A few weeks later, the Forest Service abruptly removed Sienkiewicz from his post as district ranger, reassigned him to a role in the Forest Supervisor’s Office and announced an investigation into his conduct.

Hey Labman-according to the article above, it was Daines that called Sonny Purdue up to request that his Forest Service employees stop using/maintaining/defending 100 year old public access easements to the Crazy Mountains. The intention of Steve Daines’ phone call to Sonny Purdue was to terminate (in the most sneaky way possible) 100 year old historic easements through trophy private ranchland to publicly owned FS land…7 or 8 years later, that is exactly what has happened- 99% of the voting public has lost realistic access to public land so that a couple large landowners and luxury real estate developers can take what they want. Labman, I think you were the first person to mention Tester in this thread…do you know if Tester has ever asked the US Secretary of Agriculture to abandon historic public access easements to the Crazy Mountains?
 
Tester is a good man. I communicated with his staff quite a bit through my trespassing ticket, and he has been an advocate for the public in the Crazies. Daines wouldn't get involved with me. You can bet Sheehy won't be for public access either.
 
Sienkiewicz seemed to be acting in line with agency policy of “defending historic trail access rights if challenged,” as one 2002Forest Service briefing paper put it. But the ranger’s approach angered some landowners who, in late 2016 and early 2017, complained about his “aggressive attitude” in letters to his Forest Service higher-ups, Montana Republican Sen. Steve Daines and Sonny Perdue, then-Secretary of Agriculture. (The Department of Agriculture oversees the Forest Service.) The ranger, they said, was encouraging trespass to re-establish long-abandoned trails. Daines met with a group of Crazy Mountain landowners and, in a May 2017 letter, passed their concerns on to Thomas Tidwell, then-Forest Service Chief.

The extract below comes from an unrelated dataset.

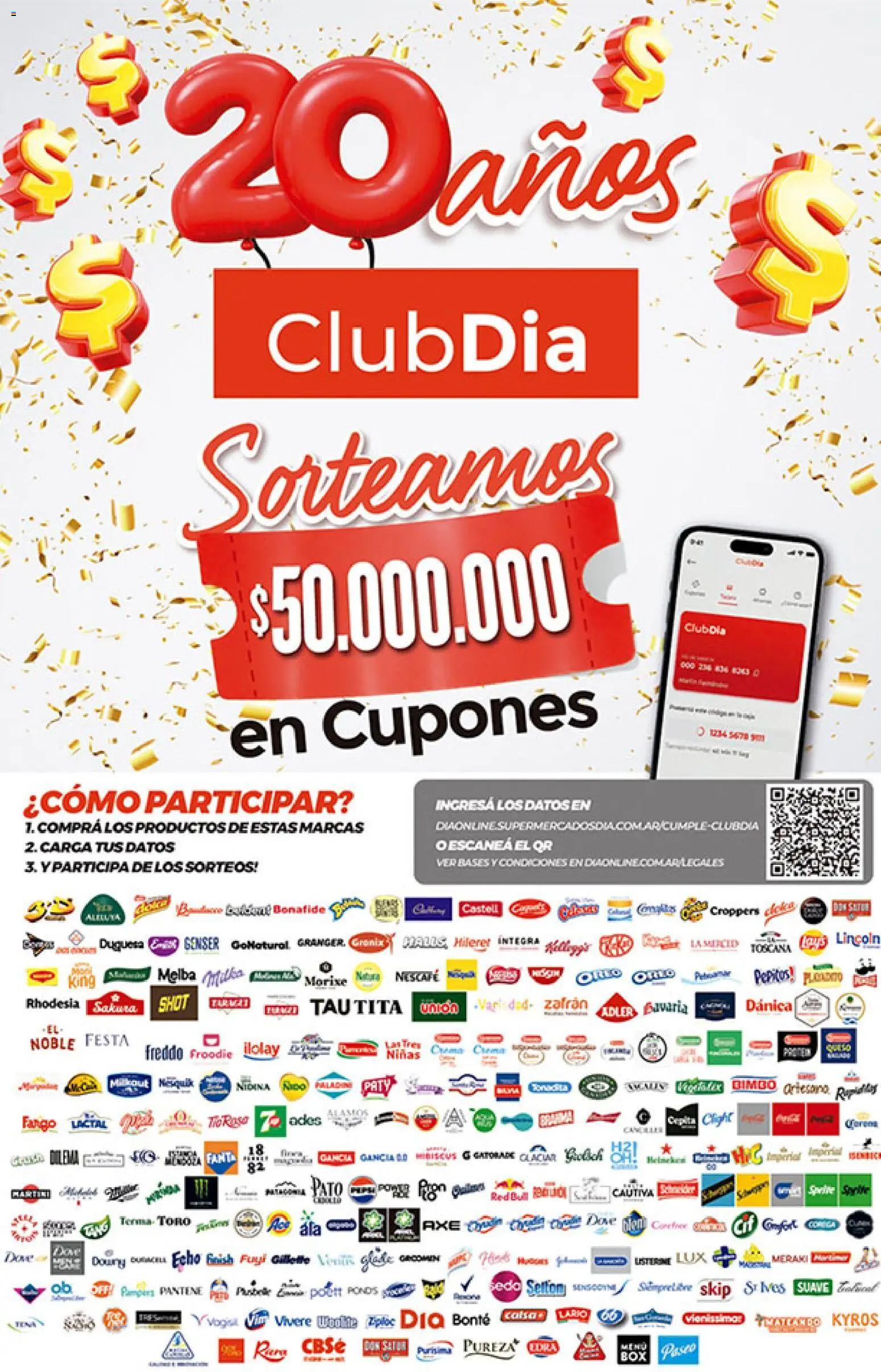 Supermercado DIA Ofertas │ válido desde el 16/09/2026 | Página: 9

You didn’t need money to walk miles of uncrowded trail, where you might pass other locals but also people out for the weekend from Bozeman or Billings (or even Baltimore or Bucharest—the public lands of the Crazies are free to anyone who can get there).
A few weeks later, the Forest Service abruptly removed Sienkiewicz from his post as district ranger, reassigned him to a role in the Forest Supervisor’s Office and announced an investigation into his conduct.

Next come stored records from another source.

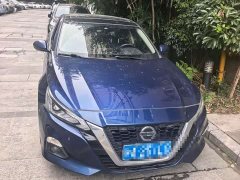 Nissan Teana Facelift 2.0L XL Upper Smart Travel Edition - ფოტო 2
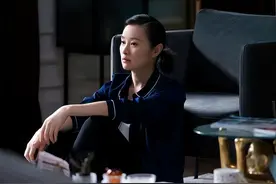 《加油！妈妈》的苏青让我们明白，想做个努力的女人，真的很难图片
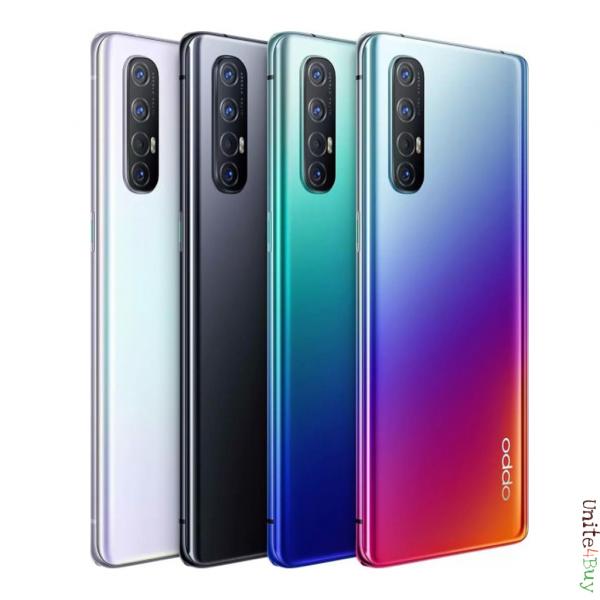 Oppo Reno 3 Pro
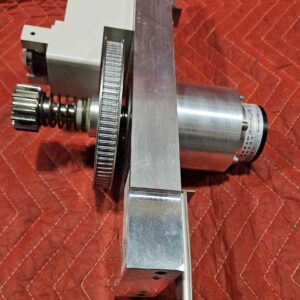 Philips AXIS Drive Assy Philips AXIS Drive Assy MRI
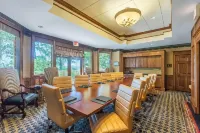 Cypress Bend Resort, a Wyndham Hotel Hotels in Milam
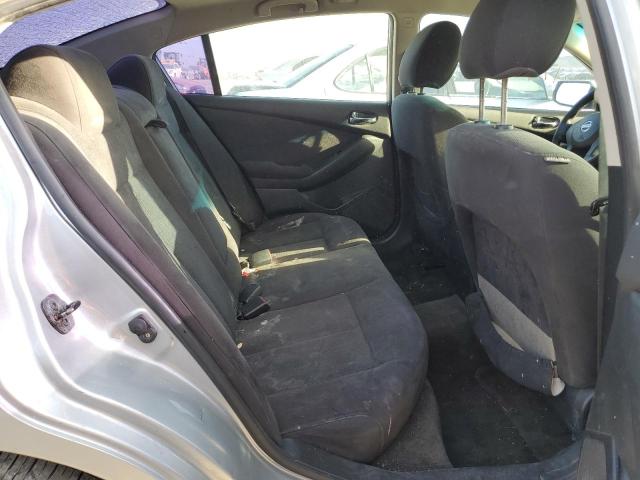 Photo 6 from auction – 2010 NISSAN ALTIMA BAS with VIN 1N4AL2AP0AN497709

Hey Labman-according to the article above, it was Daines that called Sonny Purdue up to request that his Forest Service employees stop using/maintaining/defending 100 year old public access easements to the Crazy Mountains. The intention of Steve Daines’ phone call to Sonny Purdue was to terminate (in the most sneaky way possible) 100 year old historic easements through trophy private ranchland to publicly owned FS land…7 or 8 years later, that is exactly what has happened- 99% of the voting public has lost realistic access to public land so that a couple large landowners and luxury real estate developers can take what they want. Labman, I think you were the first person to mention Tester in this thread…do you know if Tester has ever asked the US Secretary of Agriculture to abandon historic public access easements to the Crazy Mountains?
Just like probably everyone else on here I disagree with what Senator Daines did. What you did was attack his physical appearance and his family (for being what, too American?)
Since Senator Tester is our only other Senator, with a very bleak future, I just wanted to see if you were impartial enough to disparage his appearance since that seems to be an issue for you, and he is obviously +100 lbs heavier than Senator Daines. I guess dragging someone’s weight, looks, and family into the discussion only happens if you disagree with them politically. NBD, your left wing comrades won’t call you out on it but it is pretty JV, please continue.